(Data below)

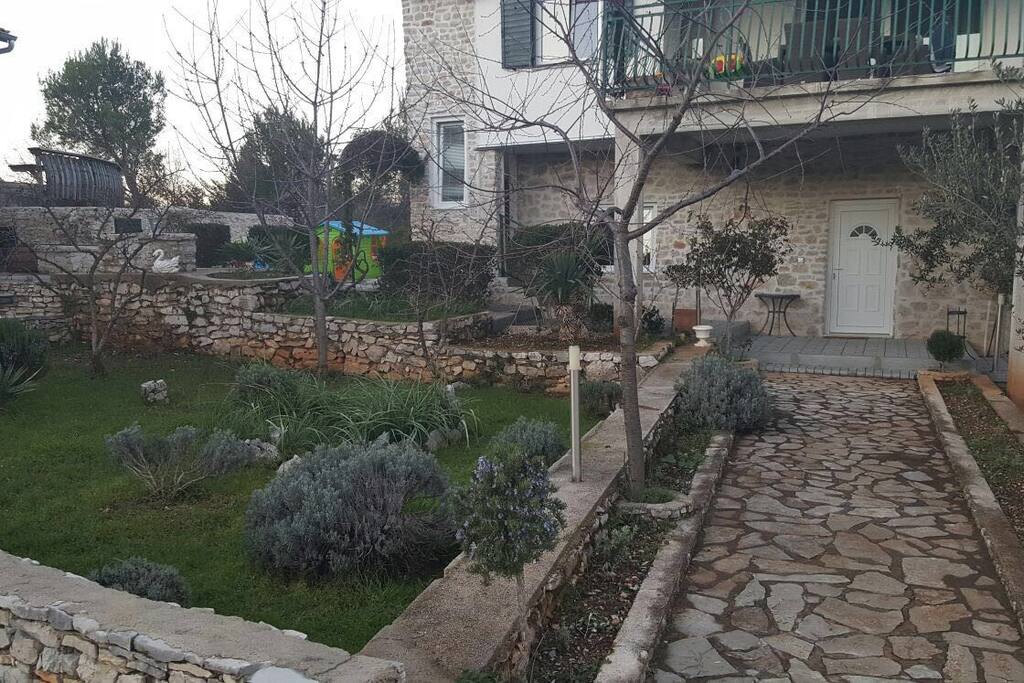 Apartman Magdalena, Zaton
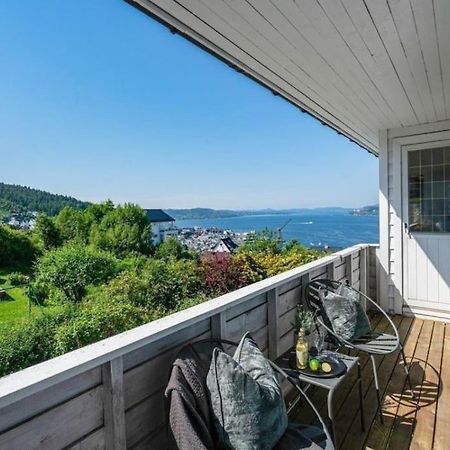 Spacious Villa With View - 5Br - Free Parking - Great Wi-Fi Bergen Exteriér fotografie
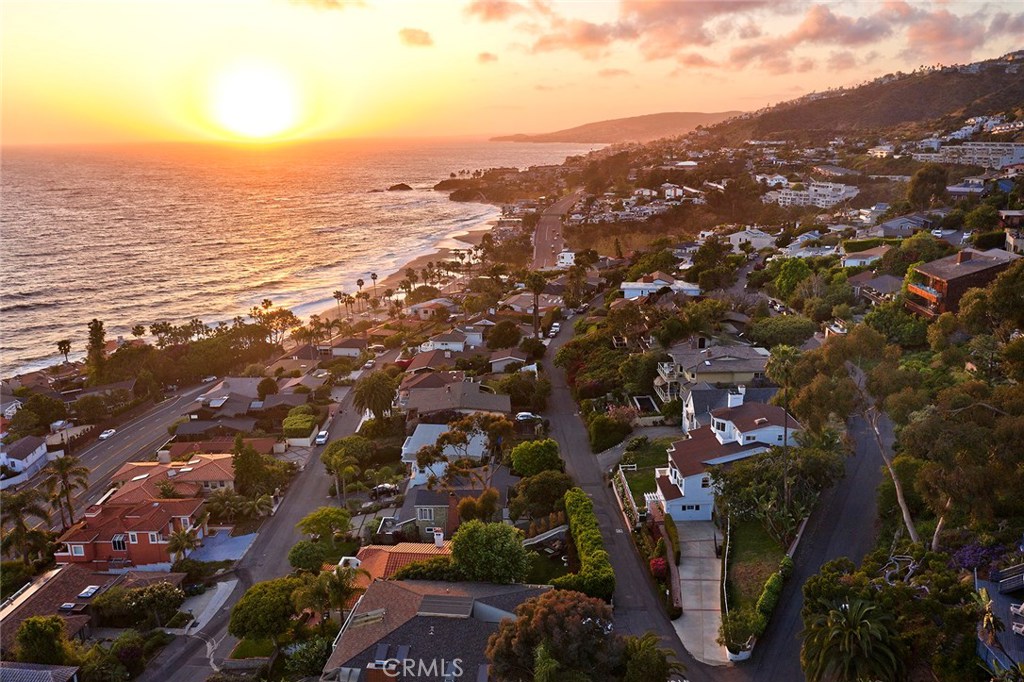 31321 Brooks Street, Laguna Beach CA 92651 - photo 1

(End Data below)

Instructions for the task:
Omit pictures and output the listing exactly.

Answer space:
 Apartman Magdalena, Zaton
 Spacious Villa With View - 5Br - Free Parking - Great Wi-Fi Bergen Exteriér fotografie
 31321 Brooks Street, Laguna Beach CA 92651 - photo 1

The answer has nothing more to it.